Some ask about the finer points on being an elector or a voter. Anyone who has attained the age of 18, is a Canadian citizen, and has six months residency in the NWT is an eligible elector – someone who has the ability to elect. A voter is someone who has cast their ballot or voted.

In the 2015 Territorial General Election 12,702 ballots were cast. Even though this was an increase of 873 votes over the 2011 election, it only represented a voter turnout of 44 per cent. In theory it’s easy to believe the lack of voter turnout could have been frustrated by having the electoral event moved back into late November and that electors did not wish to attend the polls in the cold and dark before heading home after work. Or, that voter fatigue played a role with Yellowknife electors who may have engaged with two other types of elections the previous month.

Elections NWT has engaged in outreach with its #truantnomore campaign for younger electors at various local events this summer. Image courtesy of Elections NWT.

The Yellowknife electorate is a major factor in low voter turnout. While the outlying communities have healthy participation rates, Yellowknife, which represents approximately 50 per cent of the NWT population, had an absentee rate of 67 per cent. Compare that to 24 per cent absenteeism in the constituency of Nunakput and 29 per cent in Tu Nedhe-Wiilideh and it’s easy to note the seven electoral districts in our largest centre are indifferent to their ability to exercise their democratic right. It’s somewhat perplexing if we consider our friends to the west in Yukon recently had the highest voter turnout in its history, with nearly 80 per cent of eligible voters marking a ballot in 2016.

In addition, the 2015 statistics showed 80 per cent of people from 18 to 35 years old did not attend the polls. That’s a huge number! One has to wonder what the government would look like if they had, or what will it look like if they do this fall.
The availability of early voting opportunities has been greatly expanded for the Northern electorate. Both Alberta and British Columbia took the opportunity recently to expand their early voting opportunities and electors responded at record breaking levels. Those opportunities are now available in the NWT as well. For those that cannot attend the poll on Oct. 1, electors now have options far beyond those available in the past.

For example, voting in the office of the Returning Officer has been expanded from 10 to 21 days. You may cast your ballot beginning Sept. 7 until Sept. 28. As well, the absentee poll is now more accessible with two options. Electors may apply for the traditional mail-in ballot, or chose to participate using the online voting platform. The NWT electorate will have the privilege of being the first electors among all the provinces and territories in Canada to opt in and cast a ballot electronically.

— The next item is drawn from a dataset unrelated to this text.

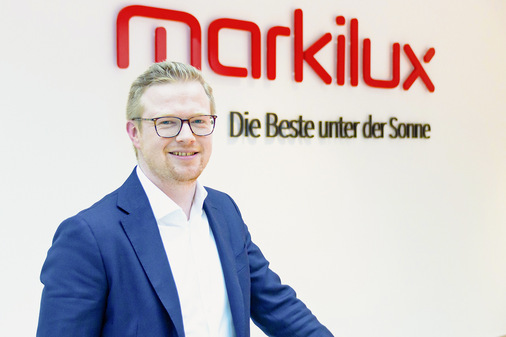 Die Emsdettener bieten neben seinen klassischen Markisen für das Eigenheim auch Lösungen für die Gastronomie und Hotellerie an. Jan Kattenbeck, Leiter von „team : project“, dem Planungsservice für Großflächenbeschattung, kümmert sich mit seinen Kollegen wie beim „Neuenahrer Brauhaus“ um den gesamten planerischen Prozess.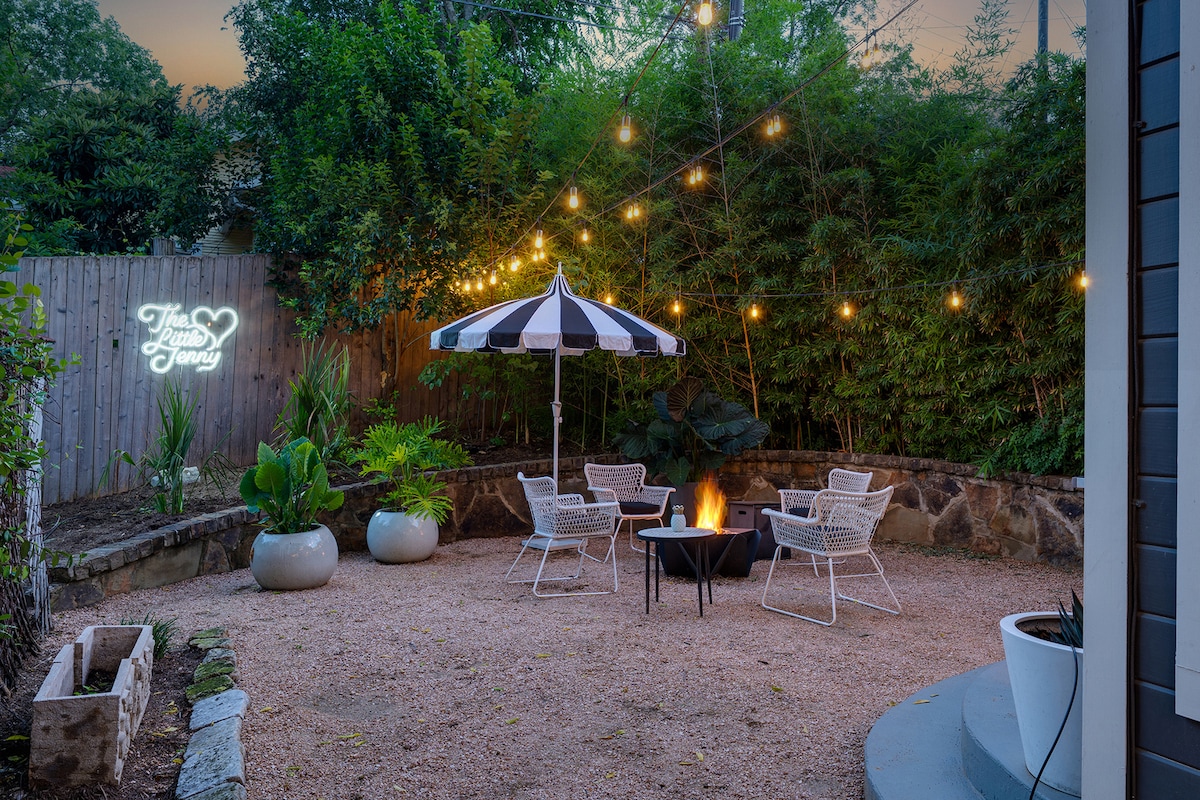 Walk to SOCO | Austin Luxury | Hot Tub | Fire Pit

Further modernization includes a new website called Electorhood. This website will not only provide electors with their own unique profile that will facilitate voter readiness and participation, but will report a real-time voter turnout percentage for their electoral districts for those who cast ballots using the early voting opportunities during the writ or campaign period.

So as the electoral event approaches, consider not only the young preparing to become #truantnomore, or the expanded conveniences of voting, but what is the real impact of omitting your ballot from the process? Quite simply, is it wise to leave your future to others?